Most were teenagers. Many were raped. All were erased.
These were women stripped of name and voice, reduced to sinners in smocks, their punishment softened only by the lie that this was God’s will.
They scrubbed floors. They bled alone. They laboured in silence. Their babies were taken. Some left through the front door. Most never left at all.
But the real horror wasn’t above ground. It was buried in the back, beneath what was once a functioning septic tank.
That’s where they found them.
796 children.
Not in coffins. Not marked by crosses.
Just bones in the mud.
Babies. Toddlers.
Little bones curled in foetal positions. Tiny skulls tucked into the dark like seeds that would never bloom.
They were dumped, in a space meant to carry waste.
Some were wrapped in cloth. Some not even that.
Some babies were lucky.
Some infants were deemed marketable.
The healthy ones. The pink ones. The photogenic ones.
They were sold off in orchestrated international adoptions.
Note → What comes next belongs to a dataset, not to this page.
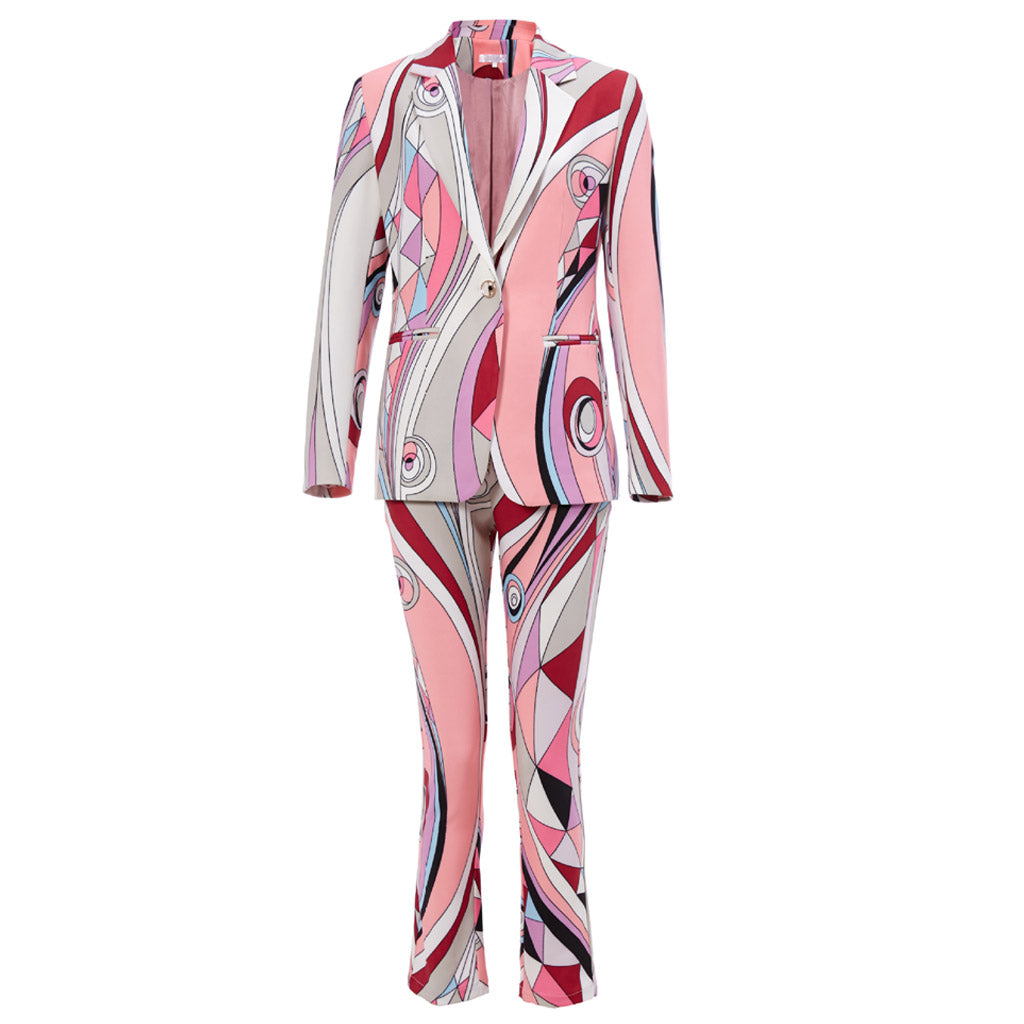 Geometric Print Collared Long Sleeve Blazer Matching Set - Pink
Primarily to American families.
The Church handled the paperwork. The State looked the other way. Fees changed hands.
These babies were treated like high-value exports, Irish linen with lungs.
Mothers were told the child had “gone to a better life.”
Some were coerced to sign. Others were lied to outright.
No follow-up. No consent. No way back.
Those babies became American. And the Church’s pockets grew heavy.
Not every child was sellable.
Some were sick. Underweight. Born too soon. Born too broken.
And there’s no profit in fragility.
So they were left.
To die of pneumonia. Gastroenteritis. Malnutrition.
All preventable. All untreated.
It wasn’t just neglect. It was a calculus.
Too weak to live, too useless to sell. So they were erased.
Quietly. Efficiently.
One less liability. One more body for the tank.
The Church had records.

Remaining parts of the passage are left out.